Stored data entries
----
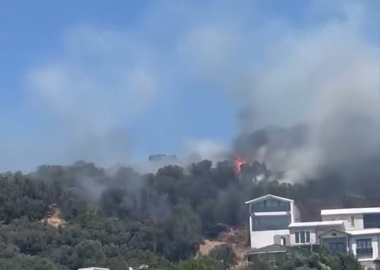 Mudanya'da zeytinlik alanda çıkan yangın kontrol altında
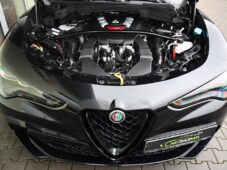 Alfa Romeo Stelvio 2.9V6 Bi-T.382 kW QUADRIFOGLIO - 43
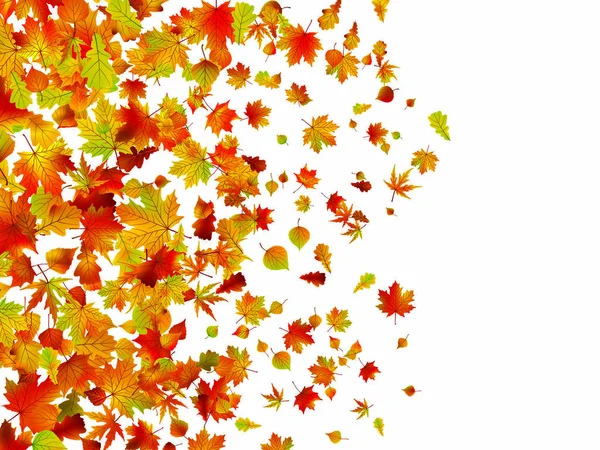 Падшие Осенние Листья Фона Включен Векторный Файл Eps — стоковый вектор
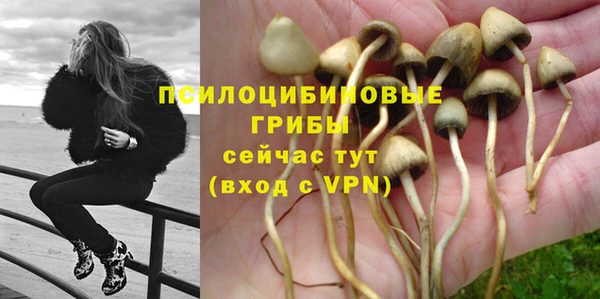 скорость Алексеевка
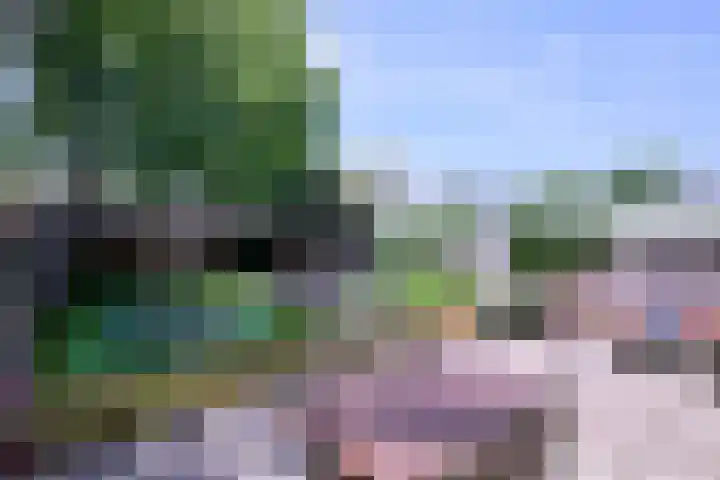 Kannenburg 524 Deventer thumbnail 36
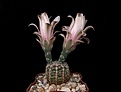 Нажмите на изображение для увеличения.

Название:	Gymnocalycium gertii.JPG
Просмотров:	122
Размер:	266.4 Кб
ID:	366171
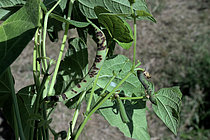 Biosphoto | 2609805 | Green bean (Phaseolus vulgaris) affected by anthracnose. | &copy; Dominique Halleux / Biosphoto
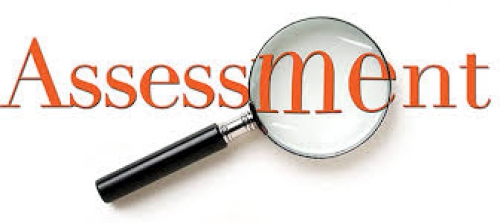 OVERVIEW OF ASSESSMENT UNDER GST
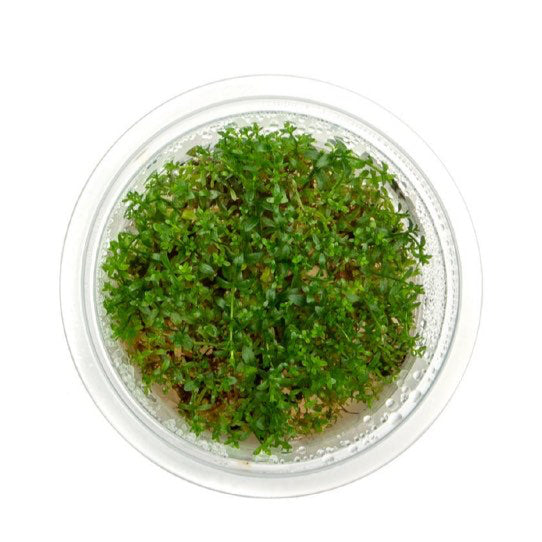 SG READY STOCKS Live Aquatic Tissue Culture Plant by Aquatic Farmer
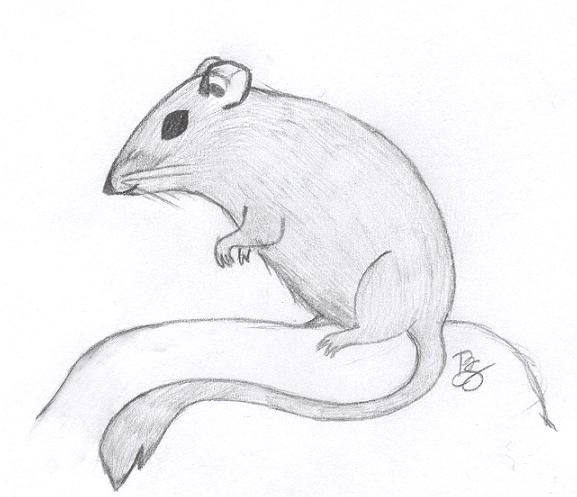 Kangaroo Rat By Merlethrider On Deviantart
----
:: Task to carry out ::
Print the data again word for word, pictures excluded.

:: Answer space ::
 Mudanya'da zeytinlik alanda çıkan yangın kontrol altında
 Alfa Romeo Stelvio 2.9V6 Bi-T.382 kW QUADRIFOGLIO - 43
 Падшие Осенние Листья Фона Включен Векторный Файл Eps — стоковый вектор
 скорость Алексеевка
 Kannenburg 524 Deventer thumbnail 36
 Нажмите на изображение для увеличения.

Название:	Gymnocalycium gertii.JPG
Просмотров:	122
Размер:	266.4 Кб
ID:	366171
 Biosphoto | 2609805 | Green bean (Phaseolus vulgaris) affected by anthracnose. | &copy; Dominique Halleux / Biosphoto
 OVERVIEW OF ASSESSMENT UNDER GST
 SG READY STOCKS Live Aquatic Tissue Culture Plant by Aquatic Farmer
 Kangaroo Rat By Merlethrider On Deviantart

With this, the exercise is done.